Free Republic
Browse · Search
News/Activism
Topics · Post Article

Skip to comments.

The Republican Fight Over Afghanistan
The Daily Beast ^ | Ann Marlowe

Posted on 07/20/2010 7:54:05 AM PDT by ventanax5

As Hillary Clinton heads to Kabul for an international conference on security, a civil war has erupted in the Republican Party over Afghanistan. In recent weeks, Republicans have fought among themselves over the war in Afghanistan. Republican National Committee Chairman Michael Steele ignited the furor by disavowing the war as President Obama's folly. That comment was sharply attacked by Sen. John McCain and others, questioning Steele's ability to lead the party. William Kristol took Steele's remark as "an affront, both to the honor of the Republican Party, and to the commitment of the soldiers fighting to accomplish the mission they've been asked to take on by our elected leaders."

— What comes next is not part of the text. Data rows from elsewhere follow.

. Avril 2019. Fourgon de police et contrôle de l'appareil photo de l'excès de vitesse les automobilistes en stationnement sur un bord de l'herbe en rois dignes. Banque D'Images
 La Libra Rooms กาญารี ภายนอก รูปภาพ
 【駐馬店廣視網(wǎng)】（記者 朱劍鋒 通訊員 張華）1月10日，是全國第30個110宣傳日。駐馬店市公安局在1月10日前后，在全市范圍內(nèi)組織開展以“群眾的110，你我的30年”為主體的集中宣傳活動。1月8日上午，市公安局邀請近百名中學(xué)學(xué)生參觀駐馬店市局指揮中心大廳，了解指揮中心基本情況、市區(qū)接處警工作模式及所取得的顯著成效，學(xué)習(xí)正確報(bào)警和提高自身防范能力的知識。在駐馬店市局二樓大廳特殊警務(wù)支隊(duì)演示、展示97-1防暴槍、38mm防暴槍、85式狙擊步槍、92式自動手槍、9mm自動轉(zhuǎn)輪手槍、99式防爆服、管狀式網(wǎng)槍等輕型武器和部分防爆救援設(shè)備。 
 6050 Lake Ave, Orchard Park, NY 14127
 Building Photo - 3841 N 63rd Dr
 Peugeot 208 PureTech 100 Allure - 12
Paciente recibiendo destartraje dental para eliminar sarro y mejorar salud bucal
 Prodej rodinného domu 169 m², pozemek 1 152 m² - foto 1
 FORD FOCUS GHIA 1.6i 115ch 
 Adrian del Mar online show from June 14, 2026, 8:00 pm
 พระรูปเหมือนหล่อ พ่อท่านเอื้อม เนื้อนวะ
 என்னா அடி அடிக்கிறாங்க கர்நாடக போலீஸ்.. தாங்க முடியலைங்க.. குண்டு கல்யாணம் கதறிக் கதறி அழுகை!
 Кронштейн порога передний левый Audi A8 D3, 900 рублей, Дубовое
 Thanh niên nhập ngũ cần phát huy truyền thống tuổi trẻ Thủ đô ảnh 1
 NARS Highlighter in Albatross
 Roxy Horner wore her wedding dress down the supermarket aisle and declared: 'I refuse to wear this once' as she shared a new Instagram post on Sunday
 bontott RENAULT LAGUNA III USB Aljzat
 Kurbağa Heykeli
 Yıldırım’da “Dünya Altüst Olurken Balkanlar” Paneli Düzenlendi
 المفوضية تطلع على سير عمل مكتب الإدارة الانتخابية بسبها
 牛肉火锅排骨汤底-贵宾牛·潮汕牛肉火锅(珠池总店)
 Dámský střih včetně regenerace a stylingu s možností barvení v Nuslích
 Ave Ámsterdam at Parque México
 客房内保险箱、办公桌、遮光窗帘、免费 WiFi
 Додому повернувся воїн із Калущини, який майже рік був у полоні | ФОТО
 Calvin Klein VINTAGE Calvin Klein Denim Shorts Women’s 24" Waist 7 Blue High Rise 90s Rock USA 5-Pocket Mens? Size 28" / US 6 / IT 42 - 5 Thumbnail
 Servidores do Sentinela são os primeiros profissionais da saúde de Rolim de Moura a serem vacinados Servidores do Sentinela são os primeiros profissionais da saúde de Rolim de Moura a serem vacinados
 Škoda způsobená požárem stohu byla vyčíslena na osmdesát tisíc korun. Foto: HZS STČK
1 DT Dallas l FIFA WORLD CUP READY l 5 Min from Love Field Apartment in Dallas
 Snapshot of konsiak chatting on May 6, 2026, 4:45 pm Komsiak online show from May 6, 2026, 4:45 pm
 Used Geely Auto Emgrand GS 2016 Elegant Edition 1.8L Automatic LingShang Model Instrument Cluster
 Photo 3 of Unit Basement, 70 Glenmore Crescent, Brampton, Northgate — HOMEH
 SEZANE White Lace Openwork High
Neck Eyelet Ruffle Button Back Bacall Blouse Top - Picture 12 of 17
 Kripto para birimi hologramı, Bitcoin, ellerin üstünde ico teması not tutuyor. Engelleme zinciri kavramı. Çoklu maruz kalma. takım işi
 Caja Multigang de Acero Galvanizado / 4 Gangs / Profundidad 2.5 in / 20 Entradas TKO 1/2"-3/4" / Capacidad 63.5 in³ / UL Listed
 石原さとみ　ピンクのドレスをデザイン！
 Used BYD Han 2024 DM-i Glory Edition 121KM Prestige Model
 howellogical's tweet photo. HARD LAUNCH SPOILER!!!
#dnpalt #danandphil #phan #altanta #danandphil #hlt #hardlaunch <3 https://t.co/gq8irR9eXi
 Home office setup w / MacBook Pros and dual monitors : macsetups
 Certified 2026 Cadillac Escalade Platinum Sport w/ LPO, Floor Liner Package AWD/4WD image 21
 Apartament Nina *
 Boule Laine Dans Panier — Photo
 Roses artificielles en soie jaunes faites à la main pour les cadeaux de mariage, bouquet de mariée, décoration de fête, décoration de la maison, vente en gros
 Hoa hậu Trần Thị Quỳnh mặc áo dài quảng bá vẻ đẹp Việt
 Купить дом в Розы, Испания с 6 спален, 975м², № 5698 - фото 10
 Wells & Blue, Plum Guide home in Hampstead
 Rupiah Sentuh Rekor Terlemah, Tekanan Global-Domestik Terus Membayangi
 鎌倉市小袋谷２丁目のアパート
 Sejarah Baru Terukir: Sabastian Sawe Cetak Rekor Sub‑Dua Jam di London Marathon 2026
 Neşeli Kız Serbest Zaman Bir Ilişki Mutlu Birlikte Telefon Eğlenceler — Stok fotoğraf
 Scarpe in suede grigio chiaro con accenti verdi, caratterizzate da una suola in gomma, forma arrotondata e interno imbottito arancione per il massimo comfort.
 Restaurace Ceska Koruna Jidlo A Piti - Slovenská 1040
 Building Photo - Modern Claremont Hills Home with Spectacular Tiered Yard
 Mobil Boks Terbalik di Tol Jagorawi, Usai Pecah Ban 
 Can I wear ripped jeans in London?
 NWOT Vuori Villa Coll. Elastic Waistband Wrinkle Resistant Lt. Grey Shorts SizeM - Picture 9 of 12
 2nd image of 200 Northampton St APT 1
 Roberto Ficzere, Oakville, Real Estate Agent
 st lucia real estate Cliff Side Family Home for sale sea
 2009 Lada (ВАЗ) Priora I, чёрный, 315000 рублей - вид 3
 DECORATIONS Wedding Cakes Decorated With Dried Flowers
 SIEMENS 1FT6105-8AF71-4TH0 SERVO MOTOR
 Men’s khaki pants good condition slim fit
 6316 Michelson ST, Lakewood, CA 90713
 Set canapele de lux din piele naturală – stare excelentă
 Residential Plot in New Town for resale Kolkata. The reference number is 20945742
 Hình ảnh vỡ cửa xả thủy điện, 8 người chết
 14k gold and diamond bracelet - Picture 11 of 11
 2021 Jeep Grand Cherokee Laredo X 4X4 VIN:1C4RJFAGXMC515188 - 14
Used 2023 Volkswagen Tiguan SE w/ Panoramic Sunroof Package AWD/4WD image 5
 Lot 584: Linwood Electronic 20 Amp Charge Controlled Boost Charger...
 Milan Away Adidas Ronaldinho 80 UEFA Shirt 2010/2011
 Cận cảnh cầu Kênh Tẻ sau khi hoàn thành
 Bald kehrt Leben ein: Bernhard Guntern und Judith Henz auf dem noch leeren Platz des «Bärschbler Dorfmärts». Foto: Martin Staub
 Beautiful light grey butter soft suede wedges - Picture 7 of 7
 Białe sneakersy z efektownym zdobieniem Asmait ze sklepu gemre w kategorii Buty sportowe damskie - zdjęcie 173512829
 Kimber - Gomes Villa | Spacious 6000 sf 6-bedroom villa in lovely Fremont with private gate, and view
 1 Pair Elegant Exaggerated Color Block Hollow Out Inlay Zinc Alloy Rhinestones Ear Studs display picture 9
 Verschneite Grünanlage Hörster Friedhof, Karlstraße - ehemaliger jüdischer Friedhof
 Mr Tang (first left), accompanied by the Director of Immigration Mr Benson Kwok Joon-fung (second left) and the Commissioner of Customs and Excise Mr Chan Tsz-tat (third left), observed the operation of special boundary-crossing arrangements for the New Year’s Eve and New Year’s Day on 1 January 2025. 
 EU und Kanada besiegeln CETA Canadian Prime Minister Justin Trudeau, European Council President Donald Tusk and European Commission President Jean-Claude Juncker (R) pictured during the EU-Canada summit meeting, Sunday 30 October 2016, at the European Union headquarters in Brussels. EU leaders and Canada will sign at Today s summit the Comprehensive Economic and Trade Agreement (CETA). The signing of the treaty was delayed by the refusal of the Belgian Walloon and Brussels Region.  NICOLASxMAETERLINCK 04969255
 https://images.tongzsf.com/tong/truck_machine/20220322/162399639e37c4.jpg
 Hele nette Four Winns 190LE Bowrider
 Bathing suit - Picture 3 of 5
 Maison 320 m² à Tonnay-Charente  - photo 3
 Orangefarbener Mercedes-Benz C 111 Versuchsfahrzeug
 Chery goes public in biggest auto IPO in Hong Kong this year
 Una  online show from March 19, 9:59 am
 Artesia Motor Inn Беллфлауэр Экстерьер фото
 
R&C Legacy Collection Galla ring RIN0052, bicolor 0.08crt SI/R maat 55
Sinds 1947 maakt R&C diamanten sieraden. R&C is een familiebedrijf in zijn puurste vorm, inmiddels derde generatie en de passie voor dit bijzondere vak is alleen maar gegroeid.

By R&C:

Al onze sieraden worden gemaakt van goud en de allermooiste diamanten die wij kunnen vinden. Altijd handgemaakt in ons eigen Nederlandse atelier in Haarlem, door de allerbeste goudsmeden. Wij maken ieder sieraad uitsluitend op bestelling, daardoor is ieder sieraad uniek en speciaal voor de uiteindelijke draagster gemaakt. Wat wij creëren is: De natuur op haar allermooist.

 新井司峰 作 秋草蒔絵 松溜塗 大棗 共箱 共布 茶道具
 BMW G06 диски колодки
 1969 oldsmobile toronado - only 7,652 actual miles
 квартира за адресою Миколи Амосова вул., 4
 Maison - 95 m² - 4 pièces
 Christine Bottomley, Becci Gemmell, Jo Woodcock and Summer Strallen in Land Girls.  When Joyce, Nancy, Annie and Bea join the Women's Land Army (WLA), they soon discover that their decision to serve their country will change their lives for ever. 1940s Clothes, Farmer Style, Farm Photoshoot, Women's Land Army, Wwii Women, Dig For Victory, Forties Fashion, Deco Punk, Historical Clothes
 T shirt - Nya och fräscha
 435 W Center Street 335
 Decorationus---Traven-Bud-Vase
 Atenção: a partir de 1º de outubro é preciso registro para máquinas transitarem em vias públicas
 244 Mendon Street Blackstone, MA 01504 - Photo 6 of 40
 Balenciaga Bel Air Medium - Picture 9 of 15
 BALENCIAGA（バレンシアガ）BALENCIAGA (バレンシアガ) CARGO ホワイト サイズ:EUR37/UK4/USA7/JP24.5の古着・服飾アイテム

(Excerpt) Read more at thedailybeast.com ...


TOPICS: Culture/Society; Foreign Affairs; News/Current Events; War on Terror
KEYWORDS: afghanistan; clinton; coin; obama; republican; wot

1 posted on 07/20/2010 7:54:08 AM PDT by ventanax5
[ Post Reply | Private Reply | View Replies]

To: ventanax5

Clinton state to Afghanistan that “Regardless of the growing attitude against the Afghanistan war, the US will stand with them”.....or something like that. What this means is that the government doesn’t care what our people want. We have been there for about 10 years. Now they are talking about being there another 10 years. Enough is enough.


2 posted on 07/20/2010 8:29:22 AM PDT by RC2
[ Post Reply | Private Reply | To 1 | View Replies]

To: ventanax5
Counterinsurgency Field Manual 3-24 (December 2006), HQ, Department of the Army, Authors: DAVID H. PETRAEUS, Lieutenant General, U.S. Army; and JAMES F. AMOS, Lieutenant General, U.S. Marine Corps

http://www.fas.org/irp/doddir/army/fm3-24.pdf

"1-3. Political power is the central issue in insurgencies and counterinsurgencies; each side aims to get the people to accept its governance or authority as legitimate."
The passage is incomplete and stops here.